Short web captions
-- -- --

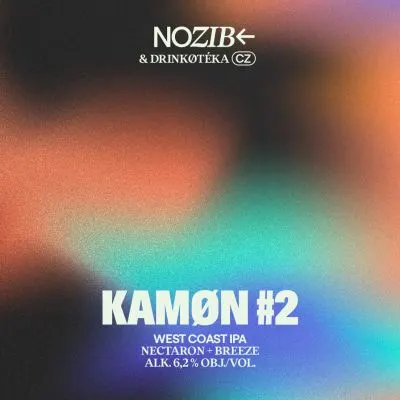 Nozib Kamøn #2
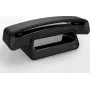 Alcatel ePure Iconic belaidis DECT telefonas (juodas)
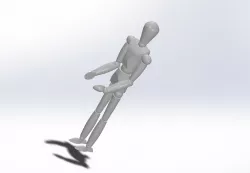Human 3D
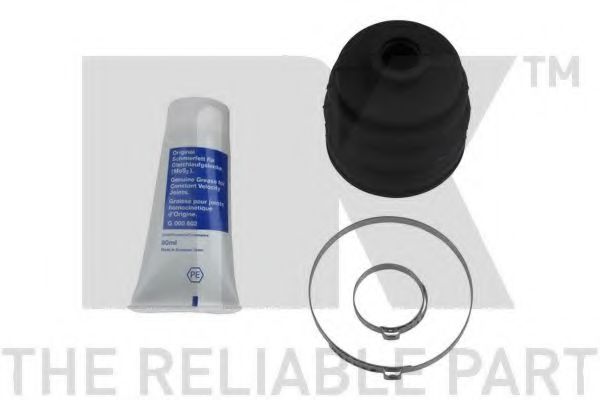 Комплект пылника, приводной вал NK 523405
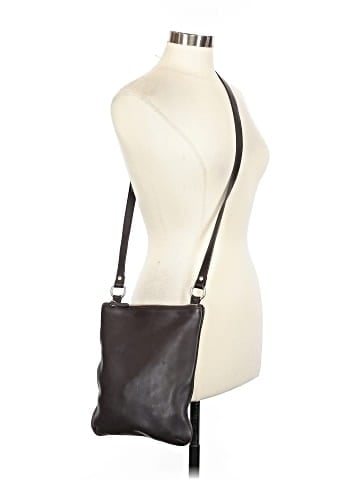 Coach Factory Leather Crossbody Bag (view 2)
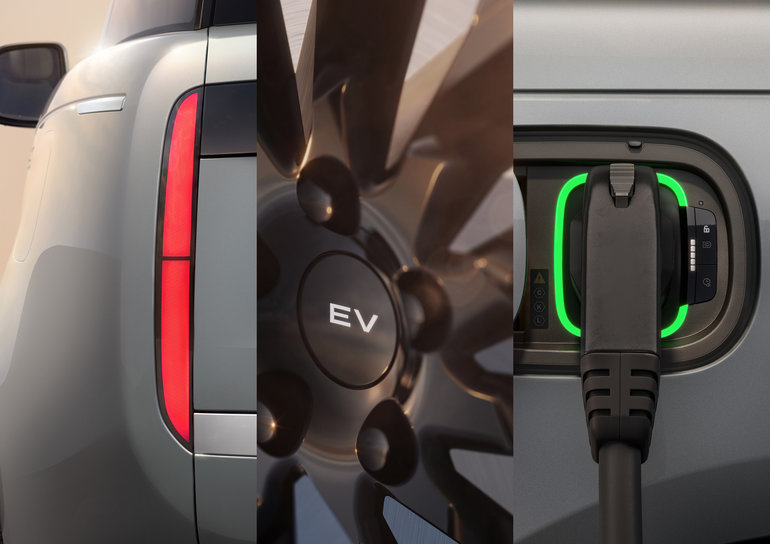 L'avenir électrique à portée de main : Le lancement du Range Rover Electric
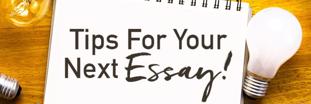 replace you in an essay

-- -- --

## EXERCISE
Each entry should come back exactly as written, with its pictures omitted.

## SOLUTION TO THIS PROBLEM
 Nozib Kamøn #2
 Alcatel ePure Iconic belaidis DECT telefonas (juodas)
Human 3D
 Комплект пылника, приводной вал NK 523405
 Coach Factory Leather Crossbody Bag (view 2)
 L'avenir électrique à portée de main : Le lancement du Range Rover Electric
 replace you in an essay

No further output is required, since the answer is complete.